According to the study, the primary impact of such an attack would be economic, including the expense of evacuations and de-contamination efforts. The length of the port shutdown would depend, in part, on the decision to declare access as safe. The economic impact of a shutdown is estimated to be $20-billion for the first month. That number would decrease as businesses and ships are redirected elsewhere.

Dept. of Homeland Security Secretary Michael Chertoff, whose agency recently agreed to fund CREATE for another three years at a cost of $11 million, said ports remain attractive targets for terrorists because of the economic impact an attack could cause.

“The port of L.A./Long Beach … is the busiest port in our country, where 44% of all imports enter the U.S. – an economic flow worth $295 billion,” he said in a recent speech. “That number should tell us just how critical our ports remain to our economy. Clearly, if terrorists want to devastate our economy, then from a cost/benefit perspective, one way of doing that is to launch devastating attacks on these essential vehicles for commerce and trade.”

Chertoff said the CREATE program is valuable as it brings together some of the finest scholars and researchers to help assess the risks of terrorism, gauge its economic consequences, and propose and evaluate strategies for making the nation safer and more secure.

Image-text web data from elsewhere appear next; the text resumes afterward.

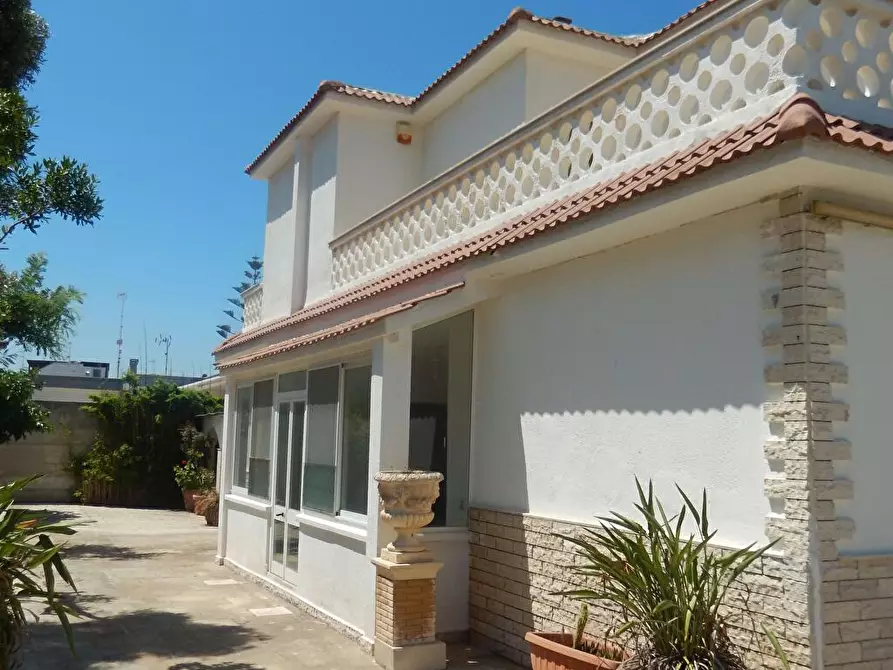 Immagine 3 di Villa in vendita  in via Bari km 788 a Giovinazzo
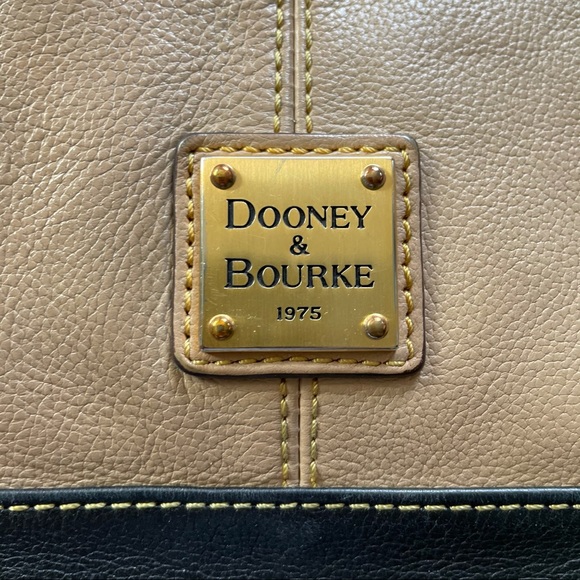 Dooney& Bourke Sophie hobo leather bag  purse - Picture 5 of 14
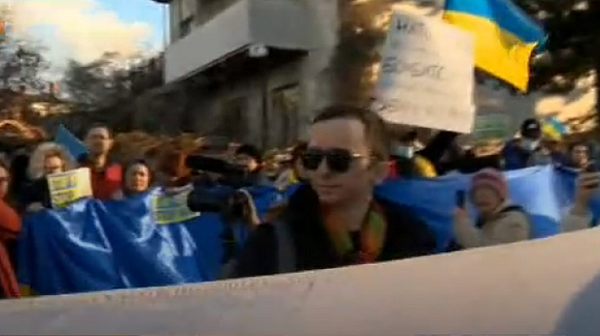 Стотици на протест пред руското посолство след взрива на язовир ”Каховка”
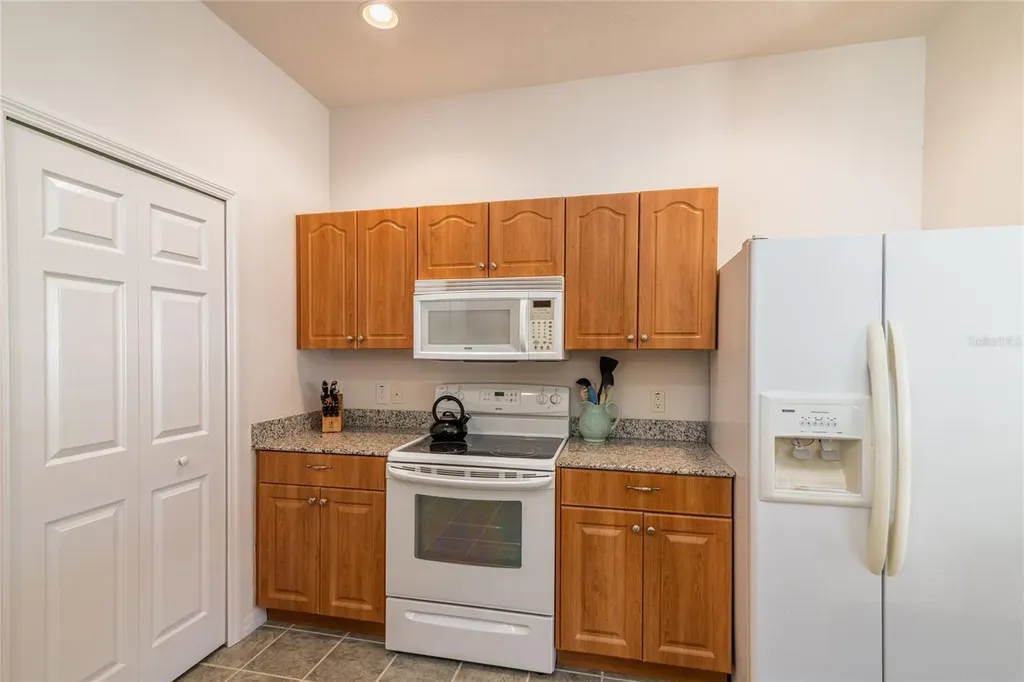 21008 Sunpoint Way Lutz FL 33558
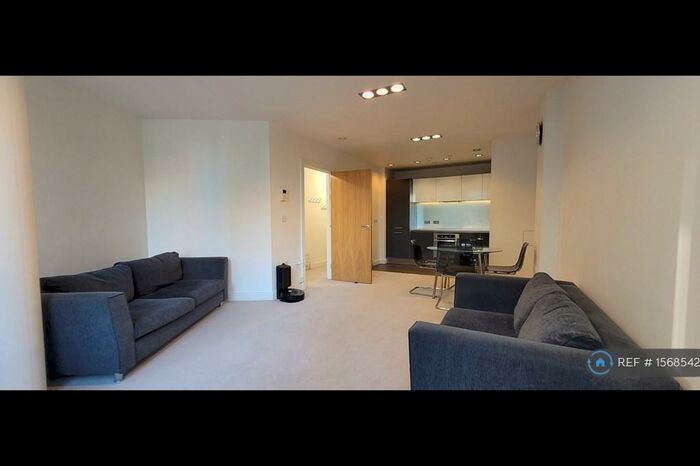 2 Bedroom Flat To Rent In Strand Street, Liverpool, L1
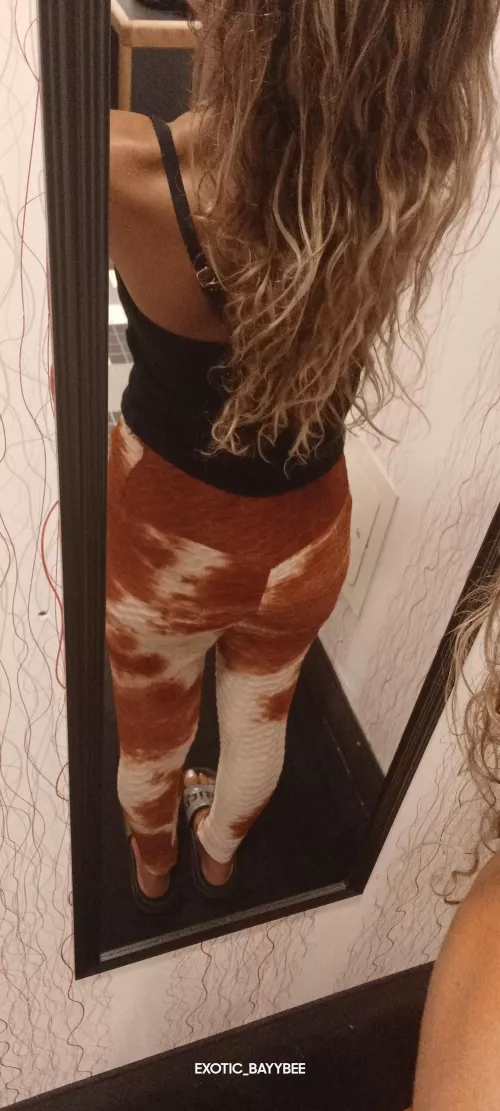 My new cinched booty leggings fit like a glove by Exotic_Bayybee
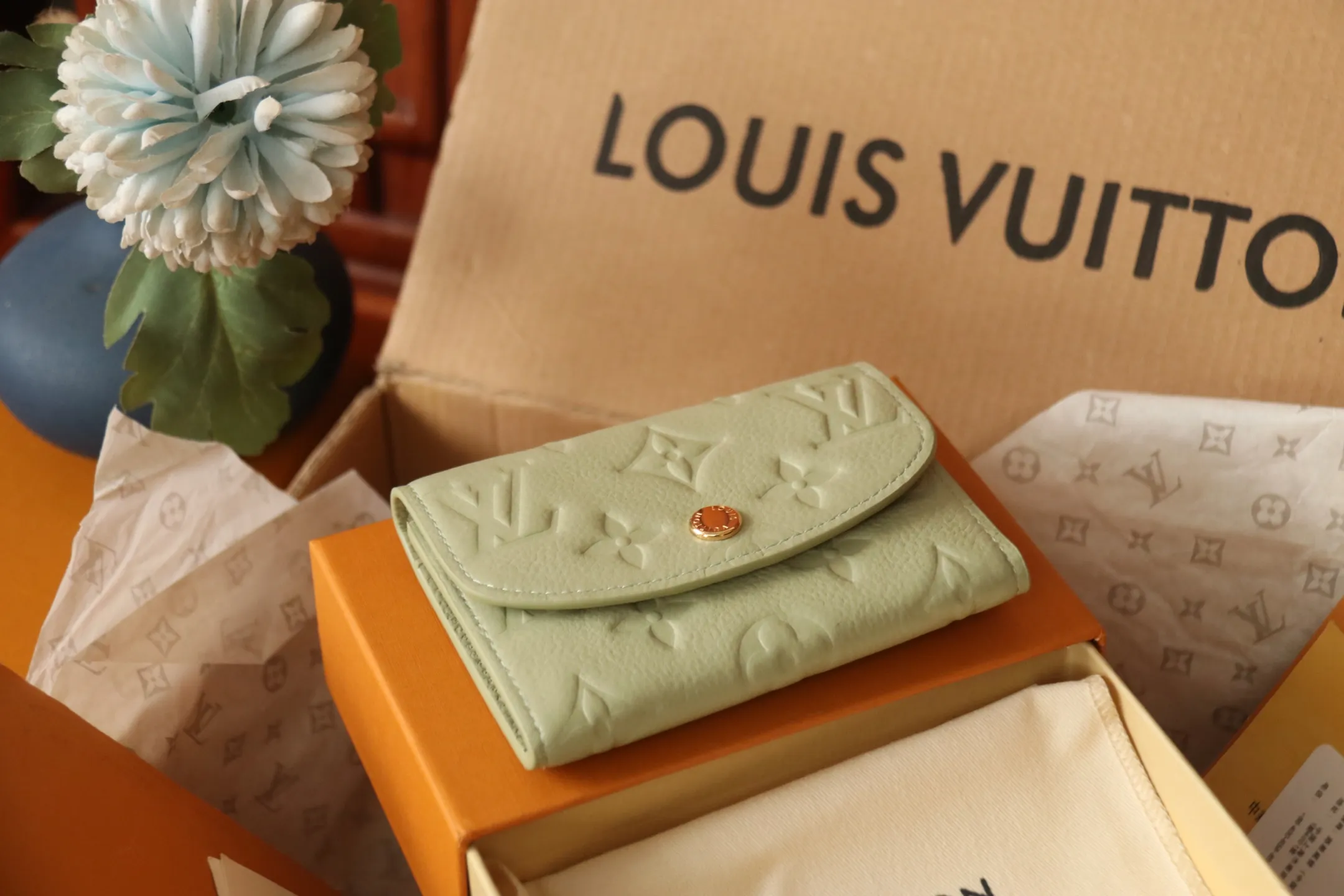 M14086 Rose Red 💎P360 [LV x TM Portumone Rosali] m14084 Green m14085 Blue Murakami The fresh tones of the “Louis Vuitton × Murakami” series reinterpret the Monogram Amprant leather that symbolizes the Maison, and adapt the daily necessities into the cheerful atmosphere of “LV × TM Portumone Rosali”. The chic pocket size adorned with the rounded front flap is attractive. The interior, which features a zippered coin compartment, is playfully decorated with a monogram and multi-colored canvas reminiscent of the artist's characteristic rainbow colors.   Dimensions: 11 x 8 x 2.5 cm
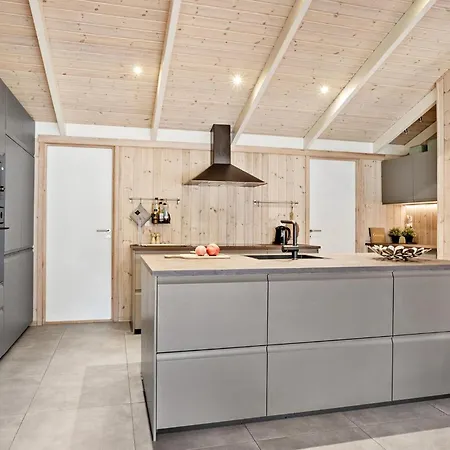 Σπίτι διακοπών Lovely Home In Saeby With Sauna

“It is precisely this type of cost-benefit, risk-management approach that is needed to help prevent the kind of catastrophic attack we sustained on 9/11,” he said. “Let me remind you that it was Osama Bin Laden himself who spoke about the horrific 9/11 attack in cost/benefit terms. In a post on the Al-Jazeerah site in November 2004, the same year we launched CREATE, he claimed that while al-Qaida spent $500,000 on the 9/11 attacks, his organization inflicted more than $500 billion in economic damage. Clearly we need programs like CREATE to help frustrate the plans of terrorists who want to destroy our economy and our way of life.”